═══ DATA EXTRACTS

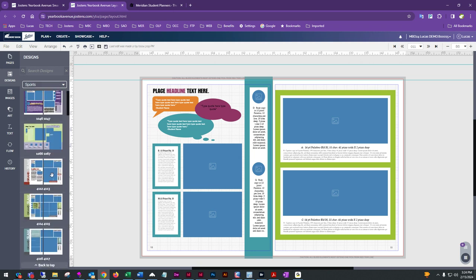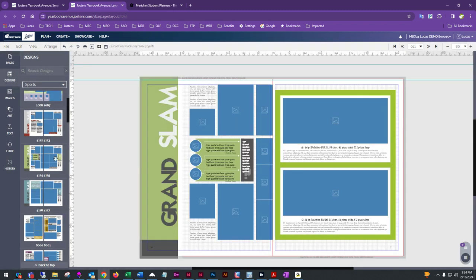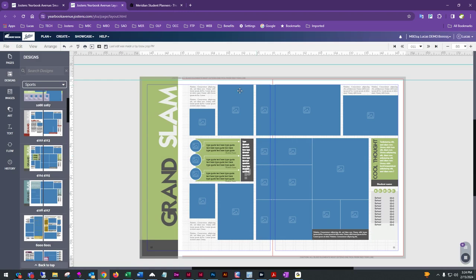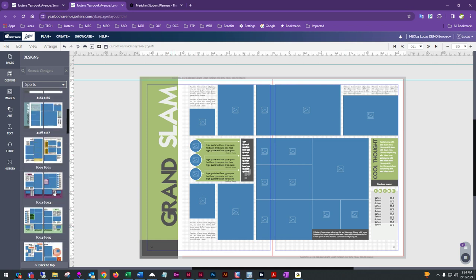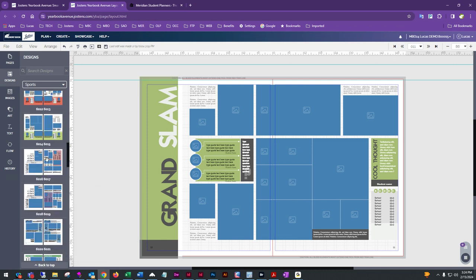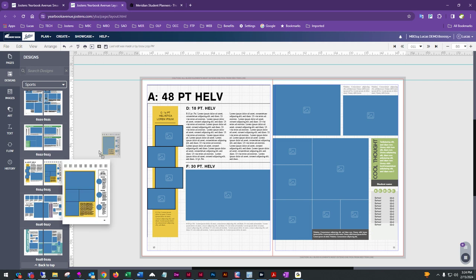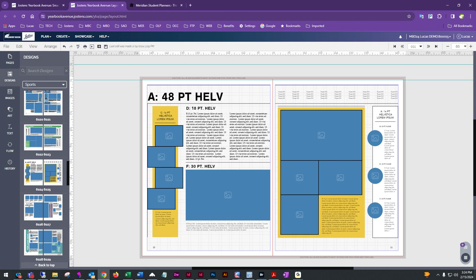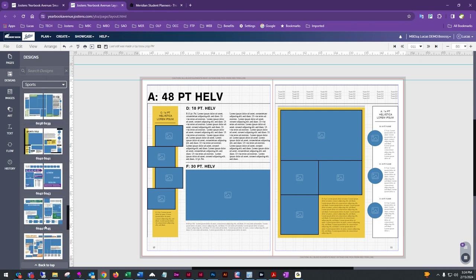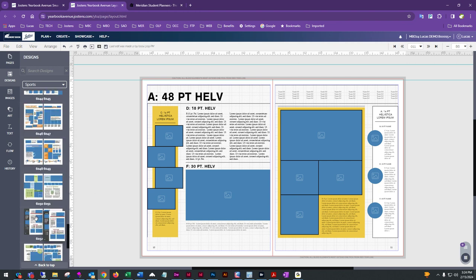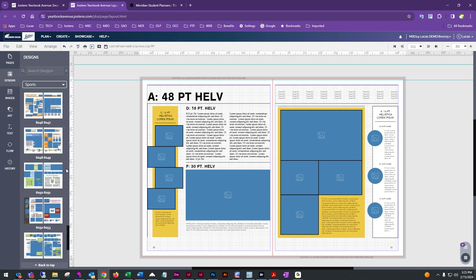It's worth noting that just because a template is under the Sports category doesn't mean you have to use it for sports. If you see a layout you like, you can simply change the title to whatever you need and use it for any page. There's a lot of neat stuff here, so just come through and find what works for you.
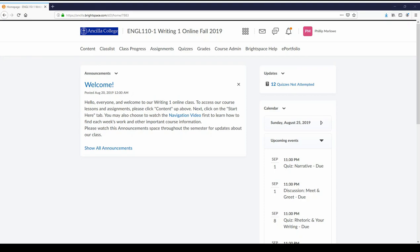Hello everyone, my name is Joel Thomas. I am the professor for your Writing One online course and welcome to this navigation video. This video should help you learn how to access the various pieces of this course and what to do to get started and how to work through each week among other things. So let's get started.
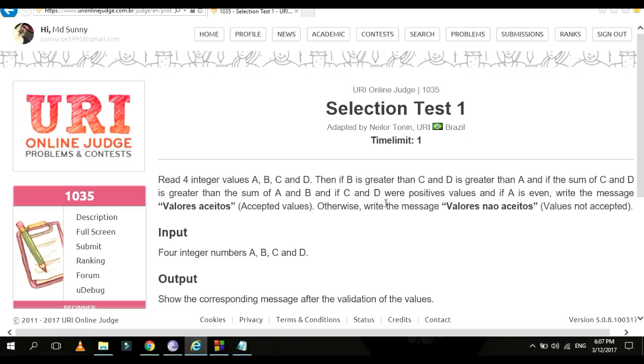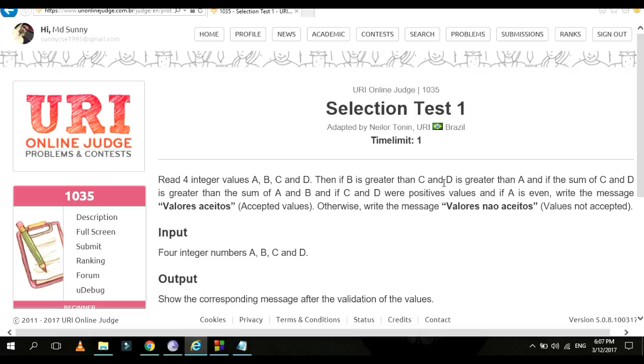Problem number 1035, Selection Test 1. In this problem I will read four integer values A, B, C, D. So B is greater than C, and D is greater than A.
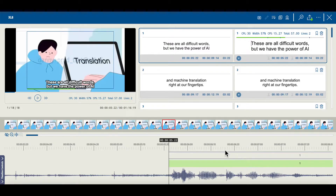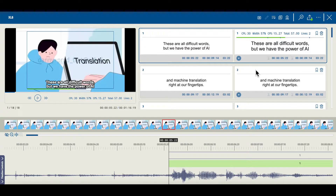The editor is largely composed of three sections. The first section on the left is the display section of your uploaded media file, and to the right of that you can see two subtitle sections. The subtitle section on the left is a read-only subtitle section so you can view your original subtitle, and the subtitle section on the right is the section that you can edit. The bottom section is your timeline.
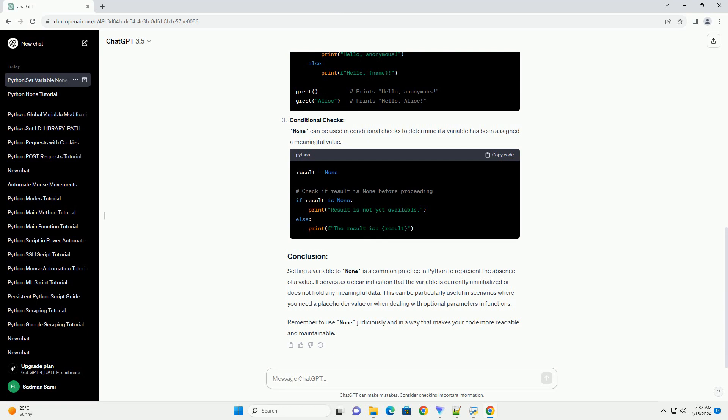This can be particularly useful in scenarios where you need a placeholder value or when dealing with optional parameters in functions. Remember to use none judiciously and in a way that makes your code more readable and maintainable.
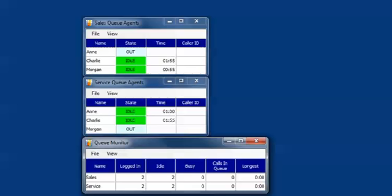So we use the feature skills-based routing to prioritize agents and we have given Charlie a lower priority than Morgan or Ann. As you can see in the supervisor's monitor, Morgan is presented with the next call even though she was not the longest idle.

══════

▸ **THE TASK**: Only one stretch of the listing is wanted: the lines starting at the one with "Hello everyone, my" and ending at the one with "Problem number 1035, Selection", copied exactly and free of pictures.

▸ **OUTPUT**:
Hello everyone, my name is Joel Thomas. I am the professor for your Writing One online course and welcome to this navigation video. This video should help you learn how to access the various pieces of this course and what to do to get started and how to work through each week among other things. So let's get started.
Problem number 1035, Selection Test 1. In this problem I will read four integer values A, B, C, D. So B is greater than C, and D is greater than A.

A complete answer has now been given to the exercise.